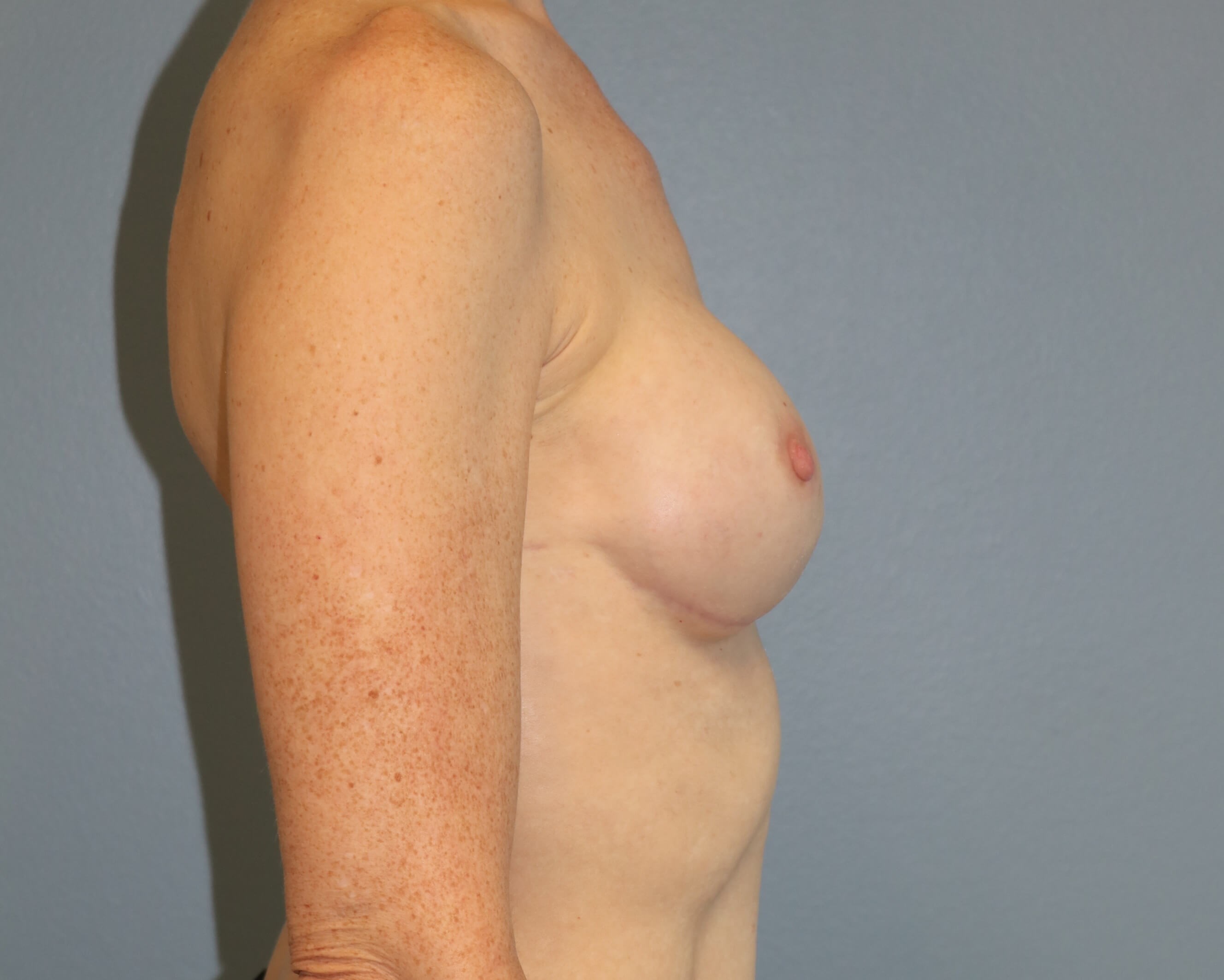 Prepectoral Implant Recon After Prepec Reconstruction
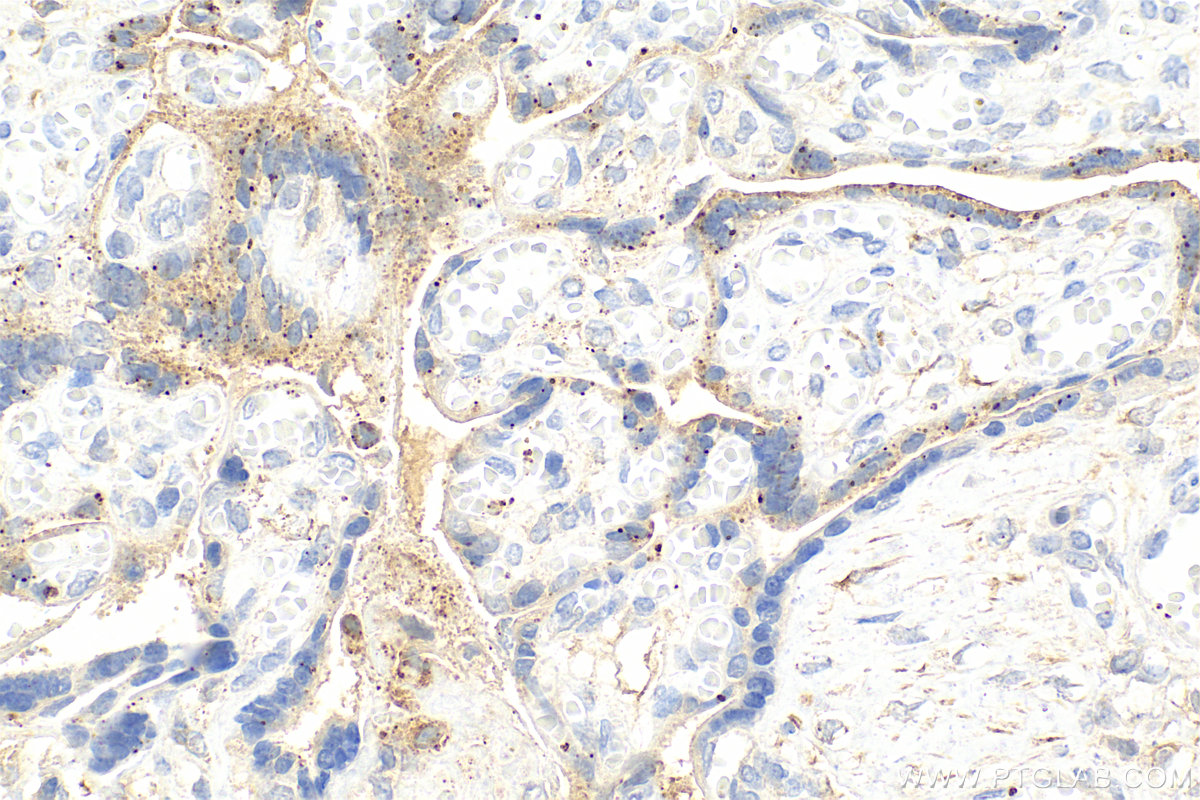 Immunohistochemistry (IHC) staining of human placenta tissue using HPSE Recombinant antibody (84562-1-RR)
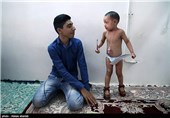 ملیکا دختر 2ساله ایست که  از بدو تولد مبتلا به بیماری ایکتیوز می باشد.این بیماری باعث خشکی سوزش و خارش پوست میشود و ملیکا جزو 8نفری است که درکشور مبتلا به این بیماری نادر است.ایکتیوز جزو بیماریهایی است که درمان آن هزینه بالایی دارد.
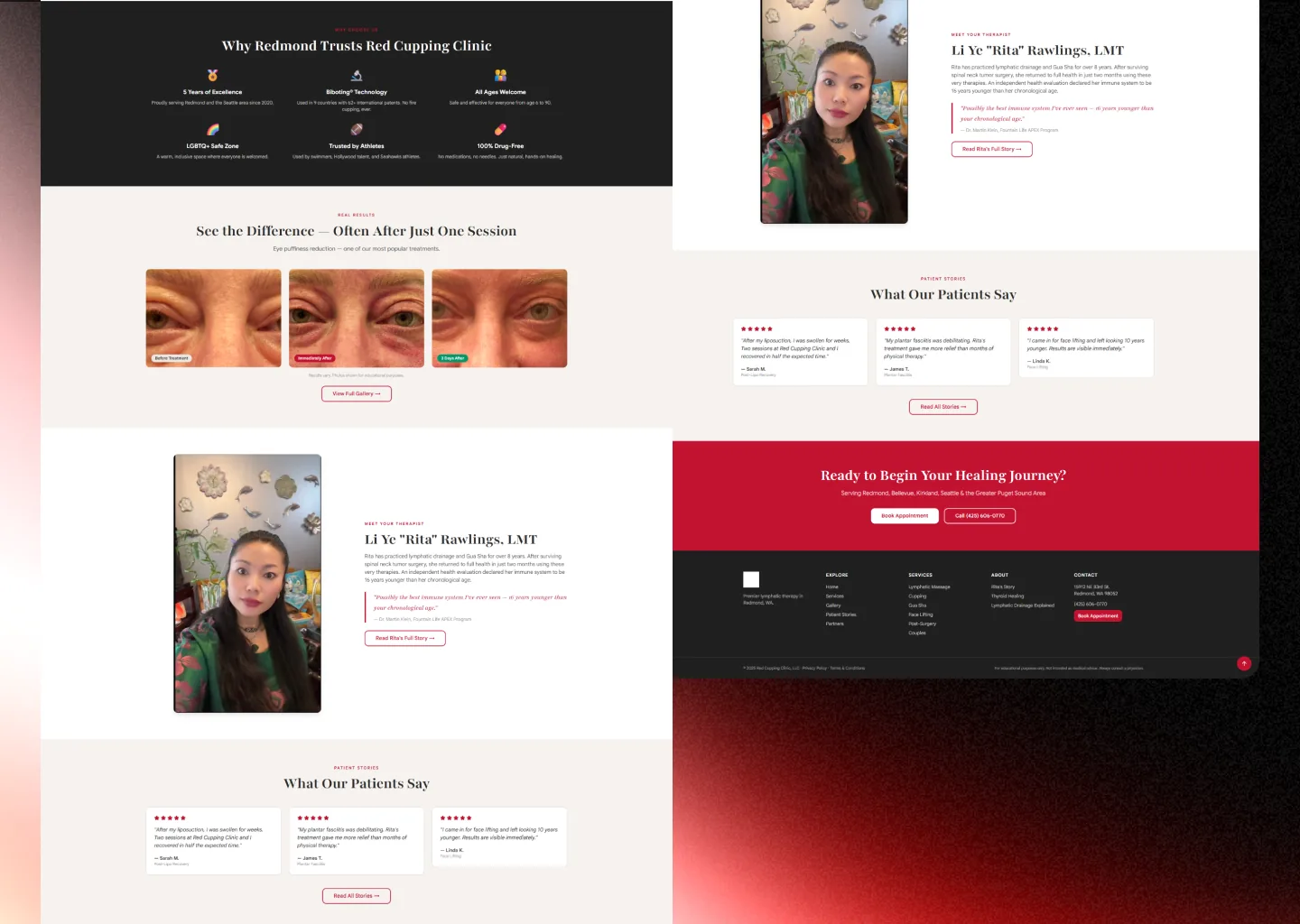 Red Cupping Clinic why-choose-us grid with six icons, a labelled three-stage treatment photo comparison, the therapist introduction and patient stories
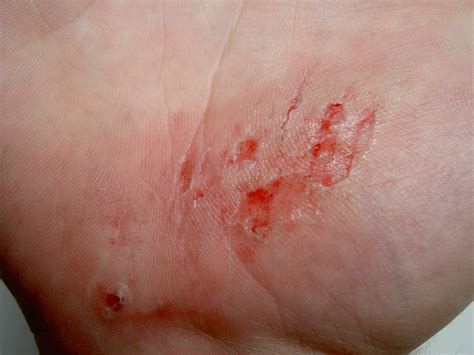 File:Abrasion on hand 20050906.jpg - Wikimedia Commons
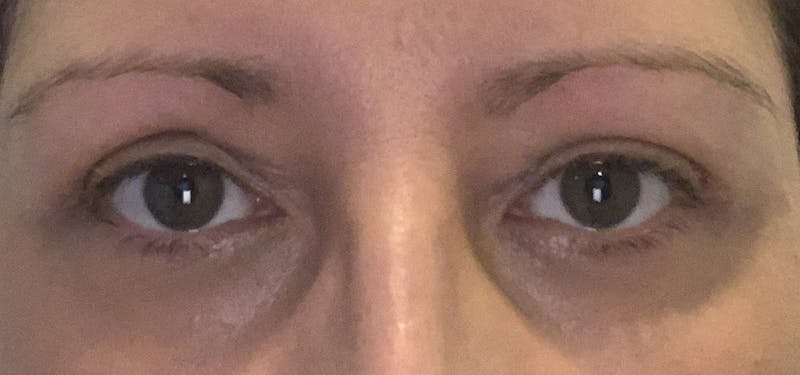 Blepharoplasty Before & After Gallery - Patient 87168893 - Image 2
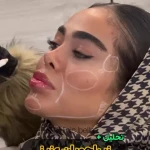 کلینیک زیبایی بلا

**TASK STATEMENT**
Each entry above is to be given again exactly, and any image in it is to be dropped.

**EXERCISE SOLUTION**
 Prepectoral Implant Recon After Prepec Reconstruction
 Immunohistochemistry (IHC) staining of human placenta tissue using HPSE Recombinant antibody (84562-1-RR)
 ملیکا دختر 2ساله ایست که  از بدو تولد مبتلا به بیماری ایکتیوز می باشد.این بیماری باعث خشکی سوزش و خارش پوست میشود و ملیکا جزو 8نفری است که درکشور مبتلا به این بیماری نادر است.ایکتیوز جزو بیماریهایی است که درمان آن هزینه بالایی دارد.
 Red Cupping Clinic why-choose-us grid with six icons, a labelled three-stage treatment photo comparison, the therapist introduction and patient stories
 File:Abrasion on hand 20050906.jpg - Wikimedia Commons
 Blepharoplasty Before & After Gallery - Patient 87168893 - Image 2
 کلینیک زیبایی بلا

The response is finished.